### Task A

You are given three data sets which contain different information about customers in a telecommunications company. In all datasets, each row represents a customer and the columns contains that customer's individual attributes. Your task is to perform explanatory analysis and data manipulation.

#### Data overview

**1. Charges data**

You can access the dataset charges_data using the path [./data/charges_data.csv](https://drive.google.com/u/2/uc?id=10GZBtClHheK6CJL3smnjmX6LKvlrxAhn&export=download). The dataset consists of the following variables:

- **_customerID_** - the ID of the customer;
- **_tenure_** - number of months the customer has stayed with the company,
- **_contract_** - the contract term of the customer,
- **_paperlessBilling_** - whether or not the customer has paperless billing:
- **_paymentMethod_** - the customer's payment method;
- **_monthlyCharges_** - the amount charged to the customer monthly;
- **_totalCharges_** - the total amount charged to the customer
- **_churn_** - whether or not the customer has churned 

**2. Personal data**

You can access the dataset personal_data using the path [./data/personal_data.csv](https://drive.google.com/u/2/uc?id=1CIOkmj1ZdARanRHbcACaKJkUv0gw87g8&export=download). The dataset consists of the following variables:

- **_customerID_** - the ID of the customer,
- **_gender_**- the customers gender,
- **_partner_** - whether or not the customer has a partner;
- **_dependents_** - whether or not the customer has dependents;
- **_age_** - the customer's age.

**3. Plan data**

You can access the dataset plan_data using the path [./date/plan_date.csv](https://drive.google.com/u/2/uc?id=1jPE4JEKxZJAiQqY7u0WswxpMyuz9Jq1q&export=download). The dataset consists of the following variables:

- **_customeriD_** - the ID of the customer,
- **_phoneService_** - whether or not the customer has a phone service;
- **_multipleLines_** - whether or not the customer has multiple lines;
- **_internetService_** - customer's Internet service provider,
- **_onlineSecurity_** - whether or not the customer has online securty,
- **_onlineBackup_** - whether or not the customer has online backup;
- **_deviceProtection_** - whether or not the customer has device protection;
- **_techSupport_** - whether or not the customer has tech support,
- **_streamingTV_** - whether or not the customer has streaming TV;
- **_streamingMovies_** - whether or not the customer has streaming movies.


#### Task details 

In order to complete the task you must write a function named `explanatory_analysis()` that takes three arguments, `charges_data_path`, `personal_data_dath`, and `plan_data_path`, which are the paths to the respective datasets.
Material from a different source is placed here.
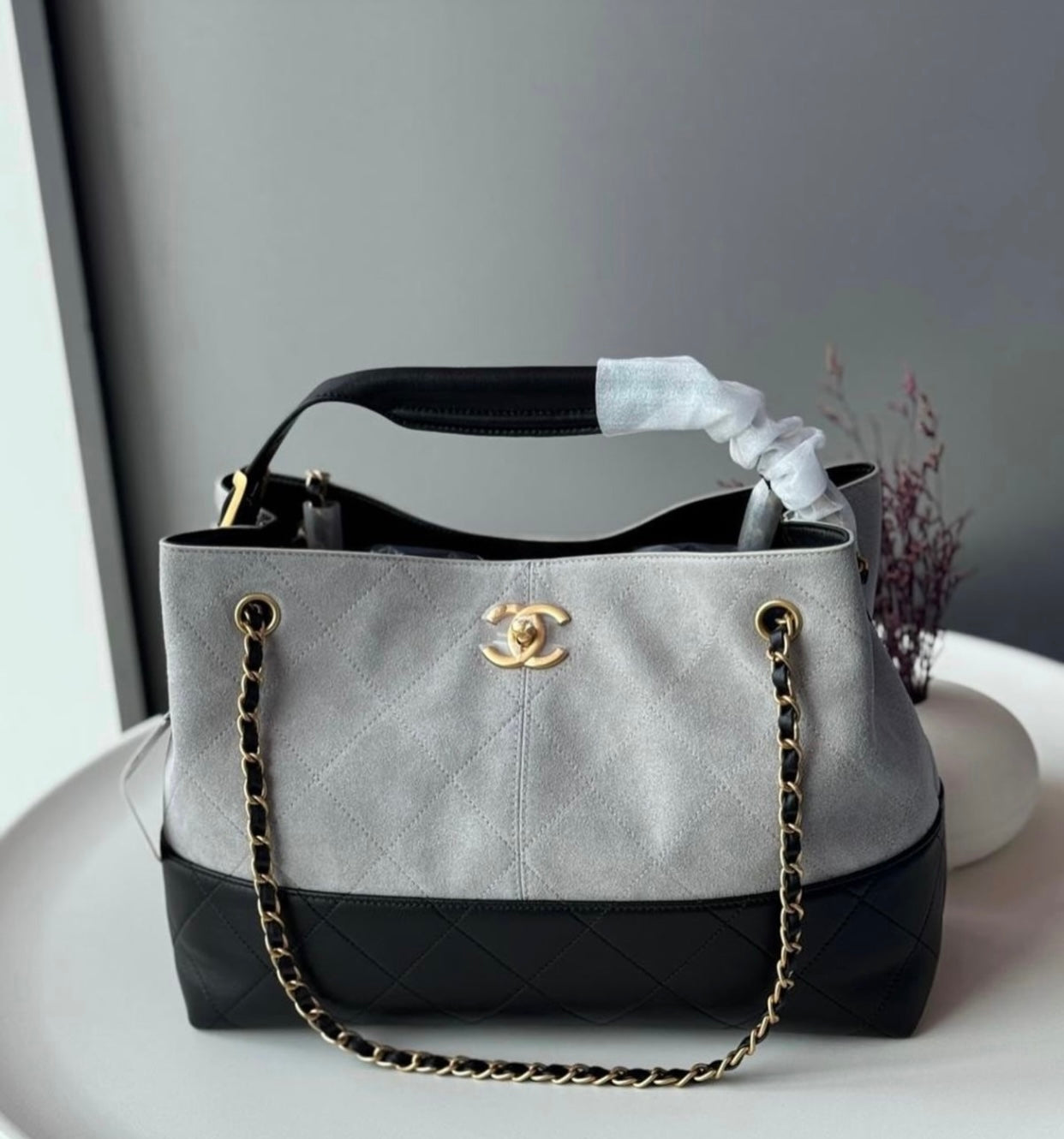 CHANEL 25 with Brand Box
The function should perform the following steps:

1. Read all three datasets.
2. **charges_data** has some missing values in the _monthlyCharges_ and _totalCharges_ columns.

- Fill in the missing values in the _monthlyCharges_ column with the trimmed average of non-empty observations from this column. To calculate a trimmed average, reject 10% of the biggest and 10% of the smallest values from calculations. Round the final value to the nearest integer. 
- Then fill in the missing values in the _totalCharges_ column with the _monthlyCharges_ value multiplied by the tenure value. 
3. Create a new column, _tenureBinned_, by discretizing the original tenure column. The _tenureBinned_ column should take the values `group1`, `group2`, `group3` and `group4` when the values of tenure are within the respective ranges `(0, 24]`, `(24, 48]`, `(48, 60]` and `(60, Inf)`.
4. Calculate the churn rate, that is the percentage of churned customers, and round the result to the nearest integer e.g. If the fraction of such people in the dataset is 0.1234, then the desired value should be equal to 12.
5. Join the updated **charges_data** with **personal_data** by the _customerID_ column so that the resulting dataset has only rows with common customer IDs. Then, join the resulting dataset with _plan_data_ by customerID, this time leaving all rows from the first dataset (joined **charges_data** and **personal_data**).
6. Using the merged data, calculate the percentage of customers who are more than 60 years old and round the result to the nearest integer; e.g. if the fraction of such people in the dataset is 0.6789, then the desired value should be equal to 68.
7. Using the merged data , create a dictionary containing counts of unique values in the _internetService_ column, where keys are the unique values of items and their counts.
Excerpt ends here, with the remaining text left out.